SEBI (Listing Obligations and Disclosure Requirements) Regulations, 2015 Amended

SEBI amended the SEBI (Listing Obligations and Disclosure Requirements) Regulations, 2015 (“Principal Regulations”) by SEBI (Listing Obligations and Disclosure Requirements) Amendment Regulations dated May 09, 2018, SEBI (Listing Obligations and Disclosure Requirements) Third Amendment Regulations dated May 31, 2018 and SEBI (Listing Obligations and Disclosure Requirements) Fourth Amendment Regulations dated June 08, 2018 (collectively referred as “Amendment Regulations”). The key changes are as follows:

  • The definition of ‘related party’ has been amended to include any person or entity belonging to the promoter or promoter group of the listed entity and holding 20% (Twenty Percent) or more of shareholding in the listed entity in its ambit.
  • It has been made compulsory for the board of directors of the top 500 (Five Hundred) listed entities to have at least one independent woman director by April 1, 2019 and the board of directors of the top 1000 (One Thousand) listed entities to have at least one independent woman director by April 1, 2020.
  • Following provisions regarding maximum number of directorships which can be held by a person are added in the regulations via this amendment.
    • A person shall not be a director in more than 8 (Eight) listed entities with effect from April 1, 2019 and in not more than 7 (Seven) listed entities with effect from April 1, 2020 with a proviso that a person shall not serve as an independent director in more than 7 (Seven) listed entities.
    • Notwithstanding the above, any person who is serving as a whole-time director / managing director in any listed entity shall serve as an independent director in not more than 3 (Three) listed entities.

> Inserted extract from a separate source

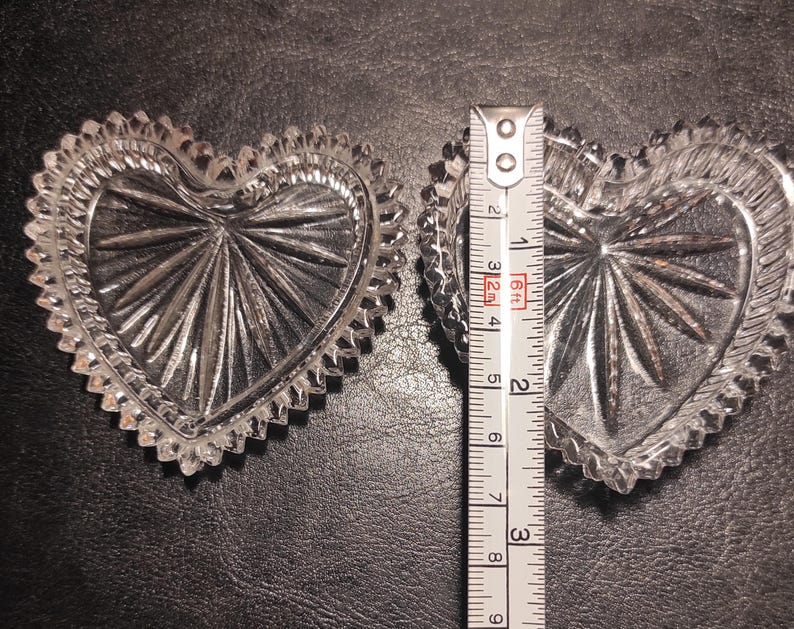May include: Two clear, heart-shaped glass dishes with a starburst design in the center and a scalloped edge. A ruler shows the dishes are approximately 3 inches wide. The dishes are on a dark surface.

    It is to be noted that for the purpose of this provision, the count for the number of listed entities on which a person is a director / independent director shall be only those whose equity shares are listed on a stock exchange.

  • A provision for “Secretarial Audit” has been added, under which every listed entity and its material unlisted subsidiaries incorporated in India shall undertake secretarial audit and shall annex with its annual report, a secretarial audit report, given by a company secretary in practice.
  • The provisions regarding the composition and working of board of directors as mentioned in the Principal Regulations will not be applicable to a listed entity which is undergoing corporate insolvency resolution process under the Code. Similarly, the provisions regarding audit committee, nomination and remuneration committee, stakeholders and relationship committee and risk management committee will also not be applicable to such entities.
  • Moreover, for the transactions which may amount to related party transactions but which are approved in the resolution plan by the adjudicating authority under the Code, no approval of the shareholders is required to be taken through resolution for such transactions.
  • A listed entity which is undergoing corporate insolvency resolution process under the Code is also exempted from complying with the provisions regarding selling or disposing of shares or assets, replacement of promotor, reclassification of promotors as public shareholders and increase in the level of public shareholding mentioned in the Regulations provided that such changes are pursuant to the resolution plan approved by the adjudicating authority under the Code.
  • A proviso has been added to the regulation dealing with transfer, transmission or transposition of securities. The proviso says that except in case of transmission or transposition of securities, requests for effecting transfer of securities shall not be processed unless the securities are held in dematerialized form with a depository.